Wer nun möglicherweise wegen einer Straftat angezeigt wurde und deshalb unangenehme Post von der Staatsanwaltschaft erhalten hat, fragt sich berechtigterweise wie nun der weitere Lauf der Dinge ist und was ihn im Zuge der Ermittlungen erwartet. Aber auch ohne ein unmittelbar drohendes Strafverfahren, kann es hilfreich sein, grob über den Ablauf Bescheid zu wissen. Der folgende Beitrag soll daher einen grundlegenden Überblick zum Gang des Strafverfahrens bieten.

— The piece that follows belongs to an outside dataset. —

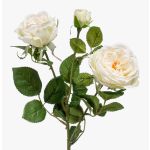 Rama de rosa artificial CALISTA, crema, 60cm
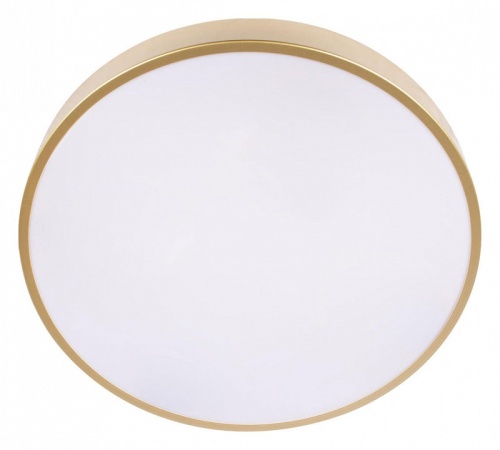 Накладной светильник Loft it Flims 10228/A в Нижнем Новгороде фото 6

Der Ablauf des Strafverfahrens
Das Strafverfahren gliedert sich in vier Abschnitte, die jeweils ganz unterschiedliche Funktionen erfüllen. Der Ablauf des Strafverfahrens ist in der Strafprozessordnung (StPO) und im Gerichtsverfassungsgesetz (GVG) geregelt. Man unterscheidet zunächst zwischen den unterschiedlichen Verfahrensabschnitten, die sich in Ermittlungsverfahren, Zwischenverfahren, Hauptverfahren und Vollstreckungsverfahren gliedern lassen.
Das Ermittlungsverfahren
Das Ermittlungsverfahren, auch Vorverfahren genannt, kommt in Gang, sobald die Staatsanwaltschaft durch eine Anzeige oder auf anderem Weg vom Verdacht einer Straftat Kenntnis erlangt. Dies ist in § 160 der StPO geregelt. Die Staatsanwaltschaft hat dann die Aufgabe, den Sachverhalt zu erforschen, was in der Regel in Zusammenarbeit mit der Polizei geschieht. Ziel dabei ist es, herauszufinden, ob der Beschuldigte hinreichend verdächtig ist. Von einem hinreichenden Verdacht wird gesprochen, wenn am Ende des Ermittlungsverfahrens davon auszugehen ist, dass am Ende eines Gerichtsverfahrens eine Verurteilung wahrscheinlicher ist als ein Freispruch. Im Zuge der Ermittlungen hat die Staatsanwaltschaft nicht nur die belastenden, sondern auch die zur Entlastung dienenden Umstände zu ermitteln.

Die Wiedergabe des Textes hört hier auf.